Data segment.
--------------------

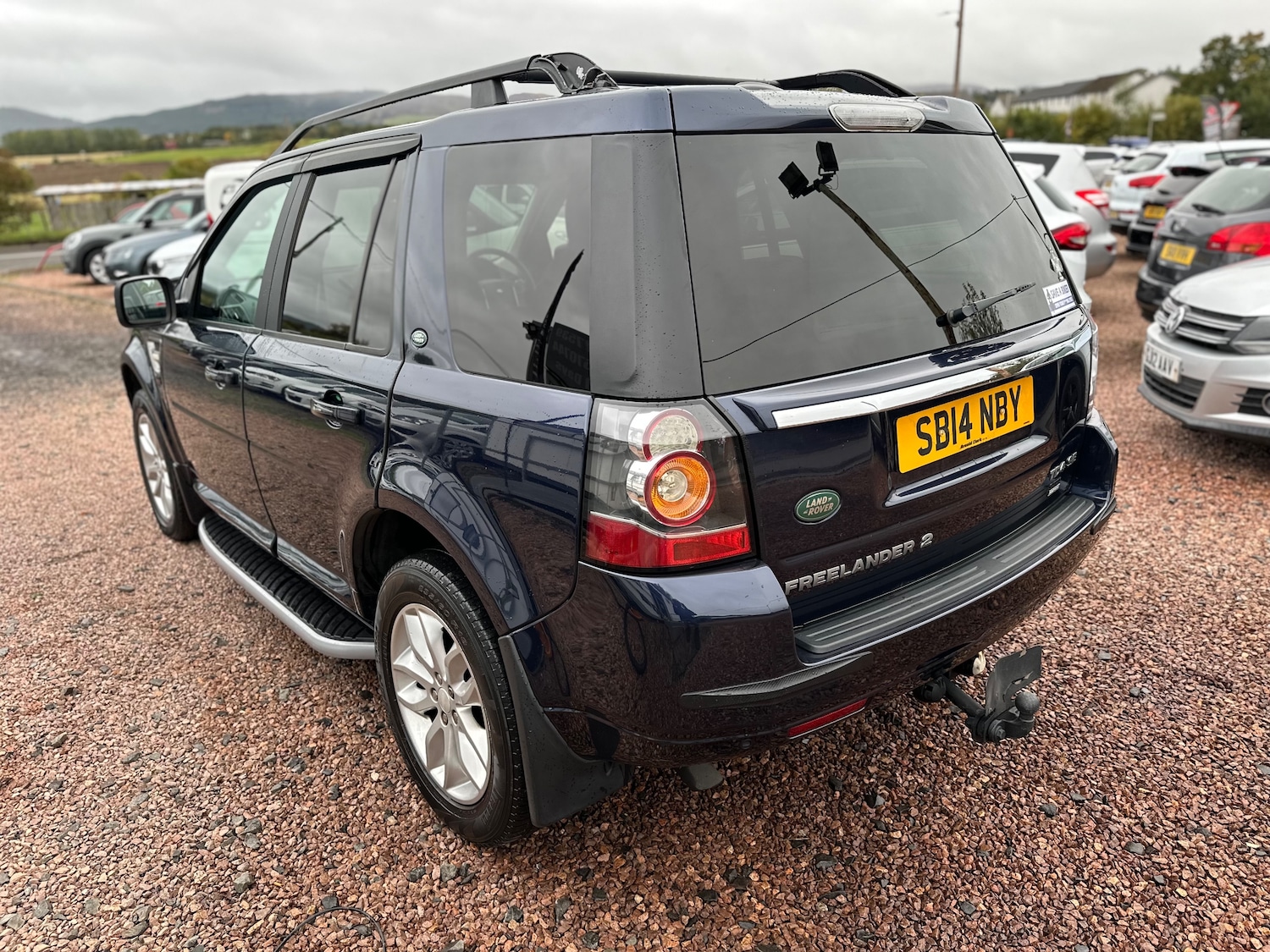 Used Land Rover Freelander 2014 for sale - 76495812: Photo 4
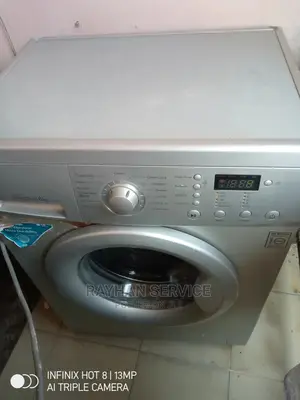Washing Machine Needs Repair in Ojodu Area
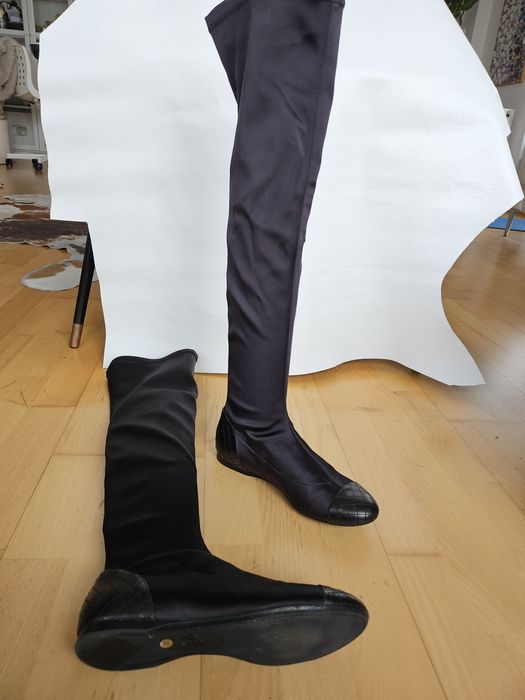 Cizme Musette, 2 modele, piele naturala si textil, marime pt marime 37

--------------------

Directions. Return the listing verbatim; pictures are not part of the copy.

Completed exercise.
 Used Land Rover Freelander 2014 for sale - 76495812: Photo 4
Washing Machine Needs Repair in Ojodu Area
 Cizme Musette, 2 modele, piele naturala si textil, marime pt marime 37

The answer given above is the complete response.